Quant aux industriels européens, les Français font plus que de résister. Capitalisant sur des niveaux de prises de commandes élevés au cours de ces dernières années, ils ont donc vu naturellement leurs chiffres d’affaires progresser l’an passé.

« Les ventes d’armes combinées des [6] entreprises françaises figurant dans le Top 100 sont les deuxièmes plus importantes d’Europe, à 23,2 milliards de dollars », explique le Sipri. Et cela en raison, principalement, d’une « d’une augmentation de 30 % des ventes du constructeur d’avions de combats Dassault Aviation. » Ce qui soutient l’activité de Thales mais surtout celle de Safran, qui a gagné trois places dans le classement.

Quant à Naval Group, il a maintenu sa 21e place par rapport à 2017. Et il est le premier constructeur naval européen, loin devant l’italien Fincantieri [50e], l’allemand ThyssenKrupp [57e] et l’espagnol Navantia [76e]. Pour l’armement terrestre, Nexter se classe 83e, loin derrière Rheinmetall et Krauss Maffei Wegmann, avec lesquels il développement le char de combat du futur.

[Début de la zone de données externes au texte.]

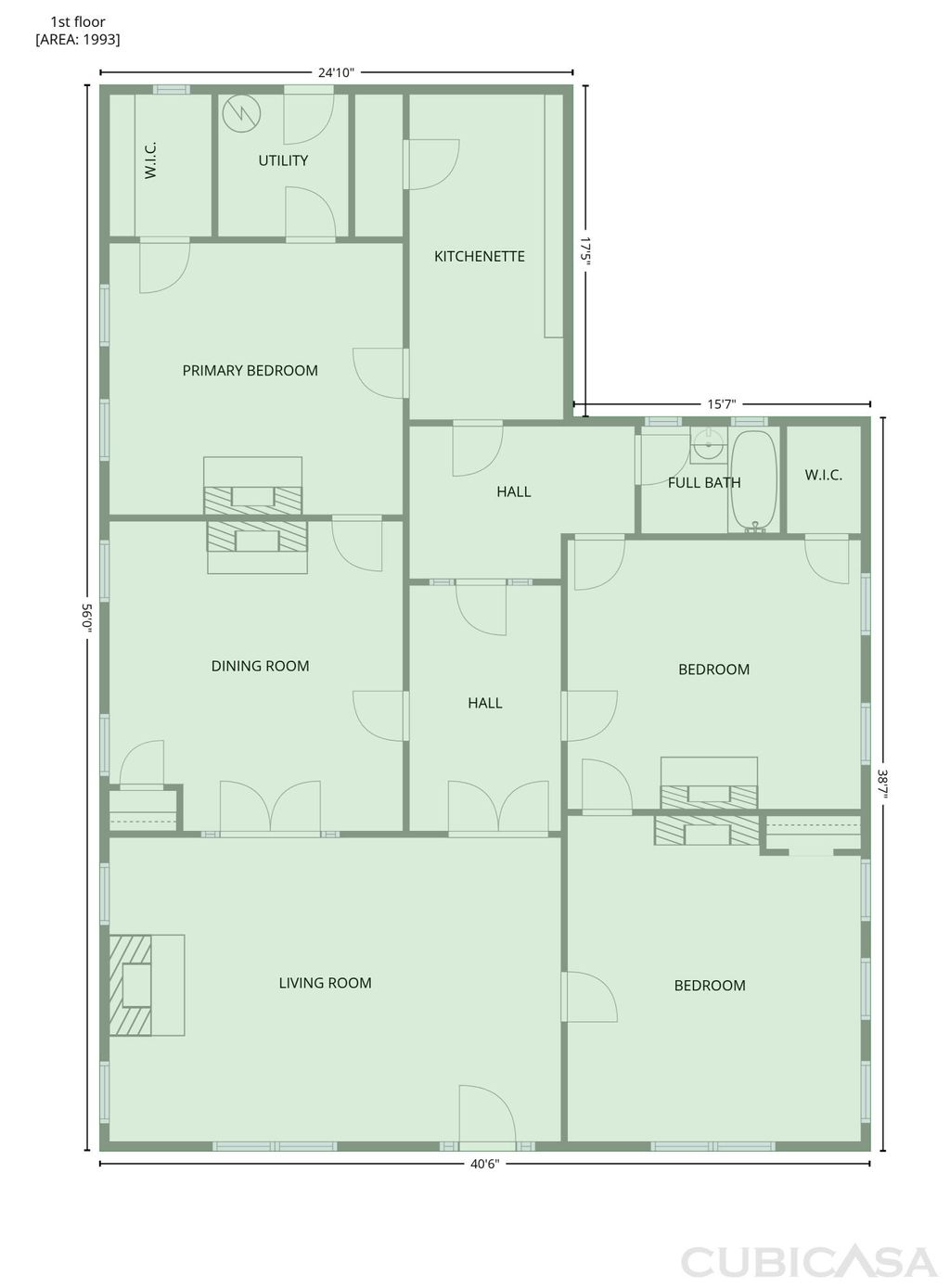 Photo of 1707 Fenwick Street, Augusta, GA 30904 (MLS # 552700)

À noter qu’Arquus ne figure pas dans le Top 100 du Sipri.

Cette tendance devrait se poursuivre pour les groupes français avec les commandes prévues par la Loi de programmation militaire [LPM] 2019-2025 et les bons résultats à l’exportation. En tout cas, les spécialistes de l’armement terrestre ne pourront qu’en profiter, grâce aux livraisons du programme SCORPION.

« D’après le rapport au Parlement 2019 sur les exportations d’armement de la France, le niveau des prises de commandes de matériels de guerre et assimilés s’établit à 9,1 milliards d’euros, soit +31,4 % par rapport à l’année 2017. Des niveaux record avaient été enregistrés les deux années précédentes », est-il en effet souligné dans l’édition 2019 de l’année statistique de la Défense.

À noter que sur les 1.950 entreprises, environ, qui constituent la Base industrielle et technologique de défense française, 7% représentent à elles seules 80% du chiffre d’affaires « militaire » en France.

Quoi qu’il en soit, cette bonne tenue des groupes français explique la légère hausse des ventes de l’industrie européenne de l’armement constatée en 2018. Car, dans le même temps, les industriels britanniques du secteur ont vu leurs résultats plonger de 4,8% [à 38,51 milliards de dollars], de même que leurs homologues allemands [-3,8%].

« Six des huit entreprises britanniques figurant dans le Top 100 rapportent une réduction des ventes d’armes en 2018. Cela est dû en partie aux retards pris dans le programme de modernisation
des armements du Royaume-Uni », explique Nan Tian, chargé de recherche au programme Armes et Dépenses militaires du SIPRI.

Cependant, sous d’autres latitudes, certains industriels ont su tirer leur épingle du jeu. Tel est le cas des trois entreprises israéliennes présentes dans le Top 100 [Elbit Systems, Israel Aerospace Industries et Rafael], mais aussi des groupes sud-coréens, ces derniers ayant globalement vu leurs ventes progresser de 9,9% en 2018. Mais le premier d’entre eux, Hanwah Aerospace, arrive à la 46e place dans le classement du Sipri.

L’une des plus fortes progressions est à mettre au crédit de l’industrie turque de l’armement, qui a augmenté ses ventes de 22%, pour arriver à 2,8 milliards de dollars. Et cela, en grande partie gràce à ASELSAN [électronique, ndlr].

« La Turquie entend développer et moderniser son industrie d’armement et les entreprises turques continuent de bénéficier de ces efforts en 2018 », résume le Sipri.